Como se não bastassem os inúmeros cortes de financiamento público e novas regras nos incentivos  oficiais, quase inviabilizando de vez a produção de espetáculos, uma onda de irrestrito retrocesso censório, guiada por um doutrinário político obscurantista, colocou em estado de atenção não só a classe teatral mas todo o universo cultural brasileiro.

PARTE I  – SEIS PERSONAGENS EM BUSCA DE UM ATOR

Tornadas raras as montagens mais exigentes aumentou, por sua vez, o número de monólogos. Ocasionados pela precariedade de recursos financeiros e sob o risco da dependência de textos mais originais e performances mais sólidas, afastando cada vez mais o público desta forma de representação dramatúrgica.

Se de um lado houve uma perceptível rejeição, por outro acabou surpreendendo com algumas das melhores criações de toda temporada teatral carioca.

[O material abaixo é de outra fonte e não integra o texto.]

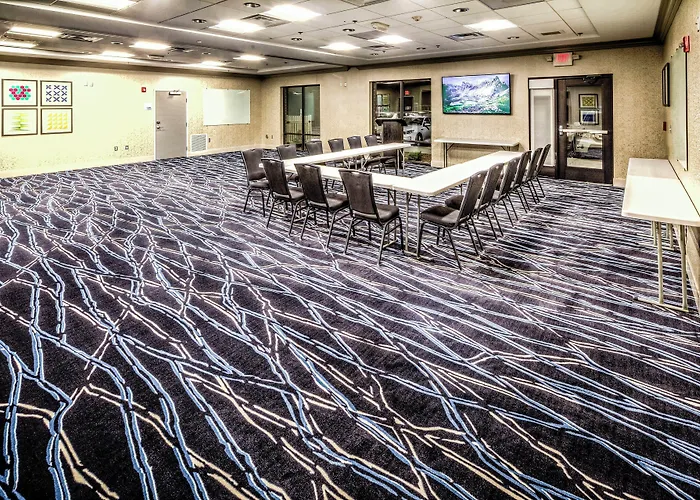 Holiday Inn Express & Suites Cleveland/Westlake By Ihg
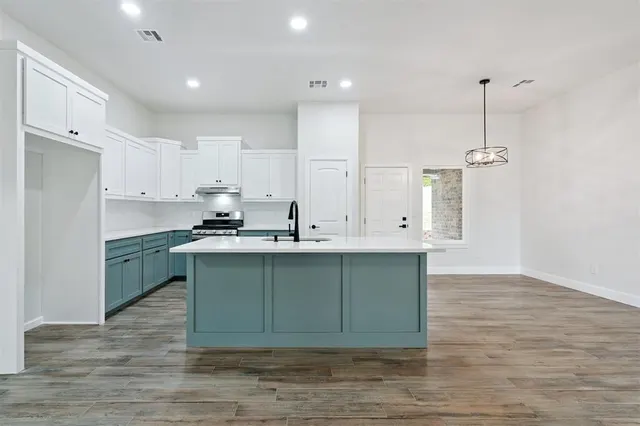 Photo 6 — 3205 NE 20th Street, Oklahoma City, OK 73121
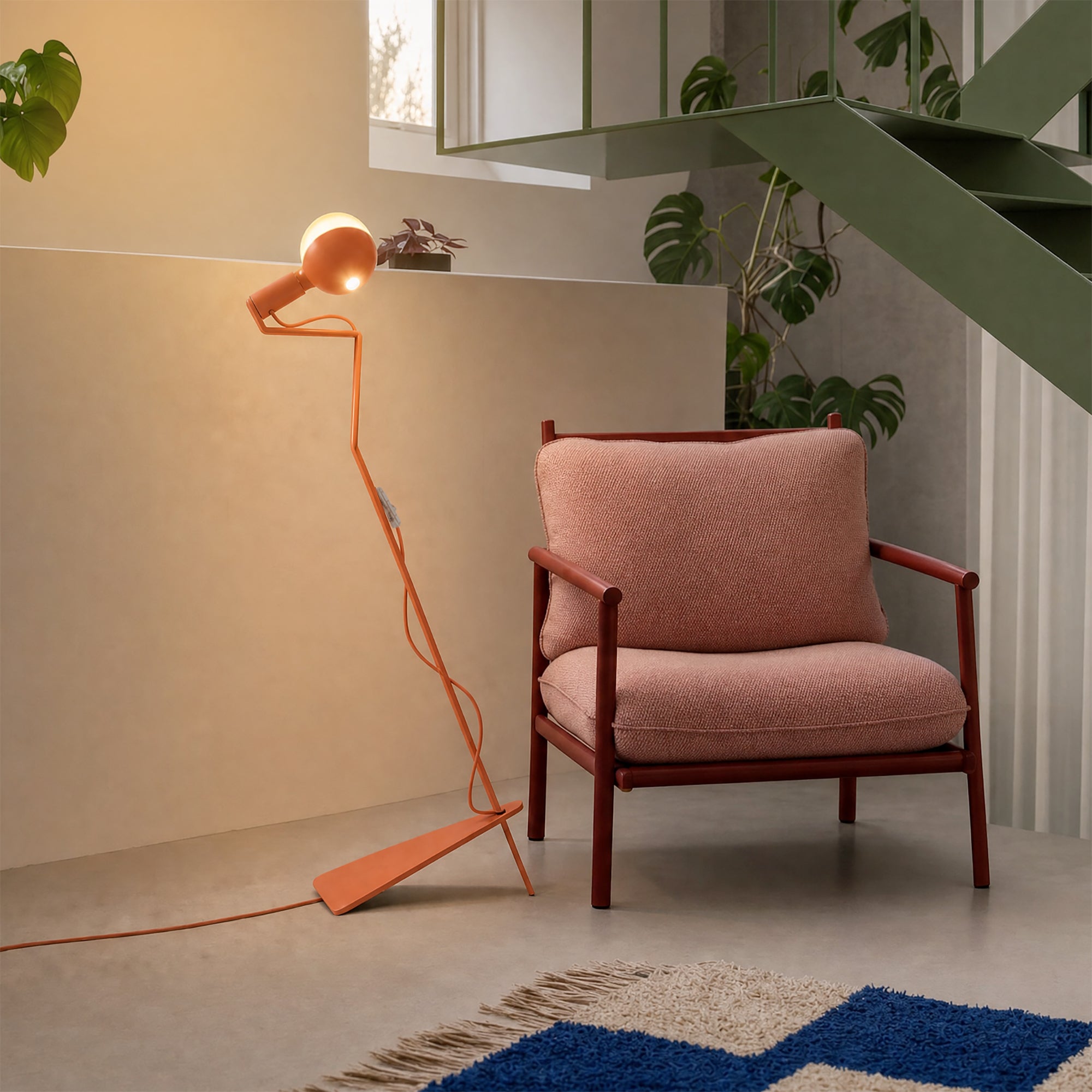 Lampada da terra inclinabile con lampadina LED G125 verniciata e spina UK - Mario Talia - Arancione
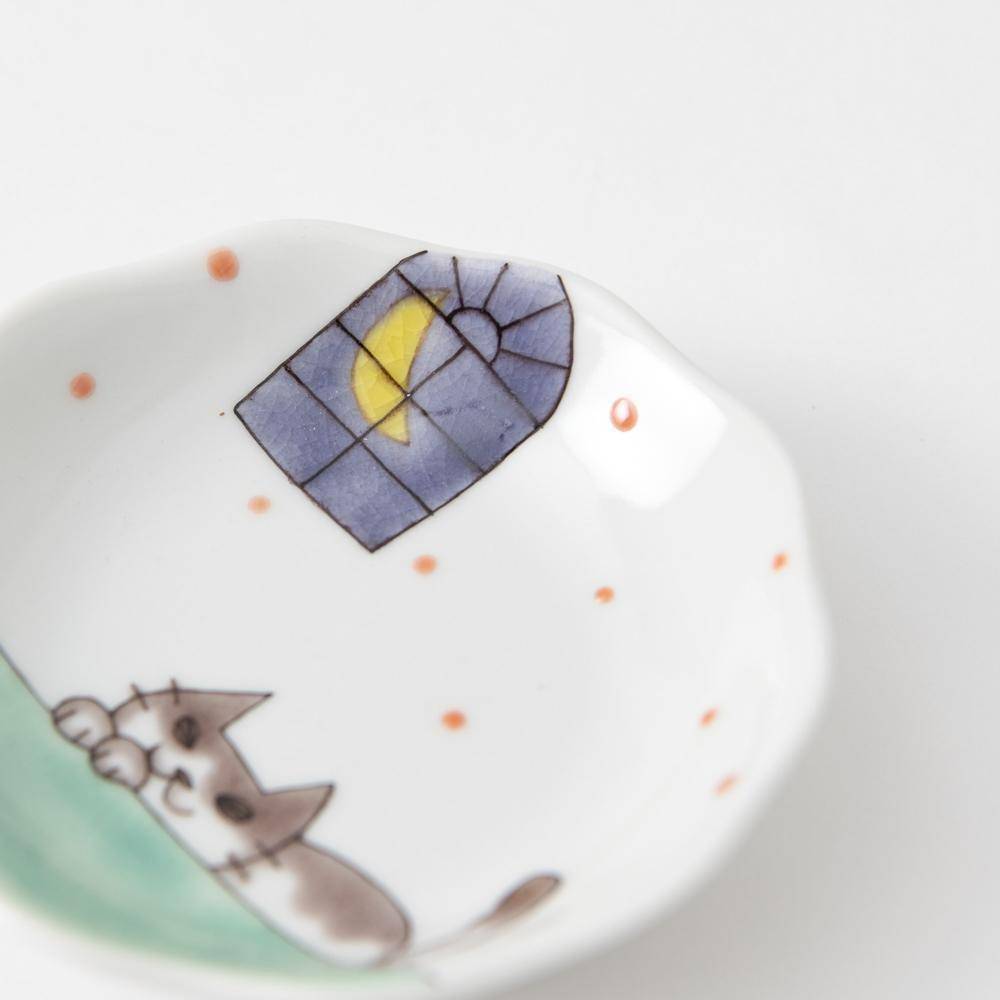 Full of Cats Kutani Sauce Plate - MUSUBI KILN - Quality Japanese Tableware and Gift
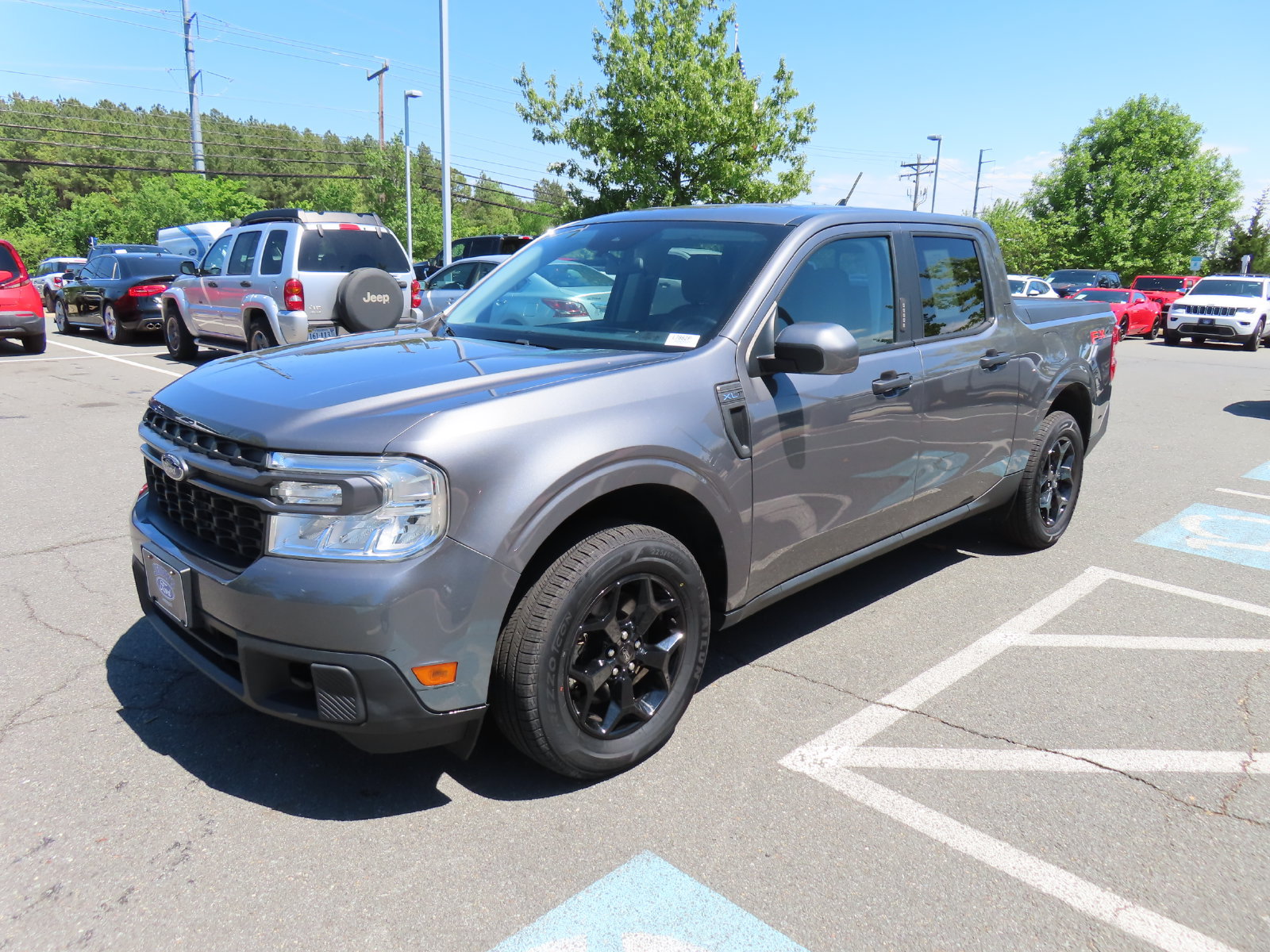 Certified 2022 Ford Maverick XLT w/ Equipment Group 300A Standard AWD/4WD image 3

Através de propostas incisivas não só por sua abordagem temática como por sua formatação no uso  de soluções cênicas.

Desde a autoficção do dramaturgo uruguaio, Sergio Blanco - A Ira de Narciso, convergindo em carismático aporte sensorial, no embate psicológico e na instigante corporeidade alcançada pela representação de Gilberto Gawronski, sob direção conceptiva de Yara de Novaes.

Ou de Todas As Coisas Maravilhosas, na dúplice textualidade dos ingleses Duncan Macmillan/Joe Donahue, para um teatro empático que se expande em cena e conquista, com as delicadas nuances de seus pequenos mistérios, a adesiva cumplicidade do público, através de potencial interprete (Kiko Mascarenhas) e competente direção  (Fernando Philbert).

E é este ultimo que comanda a perspicaz releitura de Diário do Farol, a partir de João Ubaldo Ribeiro, com um luminoso Thelmo Fernandes no disfarce de feroz manipulador de emoções odiosas que exteriorizam os mais baixos instintos da condição humana. Sob o signo da maldade e das sórdidas injunções políticas de anos sombrios de regime militar, dando um recado de alerta ao Brasil de hoje.

Digressões algébricas com substrato psicopoético conduzem à escritura dramatúrgica, no formato de um monólogo autoral, da atriz Jéssika Menkel com Cálculo Ilógico, sintonizada por provocante performance emotiva, na sempre artesanal condução de Daniel Herz. Num desempenho energizado pela amarração de espontânea fisicalidade gestual enquanto, ao mesmo tempo, sedutor por seu élan introspectivo.

3 MANEIRAS DE TOCAR NO ASSUNTO / Foto de Dalton Valério.

Através de tema, de tanta urgência em momento de temível retrocesso político/cultural, o ator e autor teatral Leonardo Netto faz visceral incursão dramatúrgica e performática com sua peça 3 Maneiras de Tocar no Assunto. Num impactante processo investigativo que se desdobra em três solilóquios, de sequencialidade cúmplice e complementar, sobre todas as formas da intolerância e do não consentimento à condição humana homossexual. Com exponencial parceria de Fabiano de Freitas (direção), um expert cênico na decifração da questão LGBT.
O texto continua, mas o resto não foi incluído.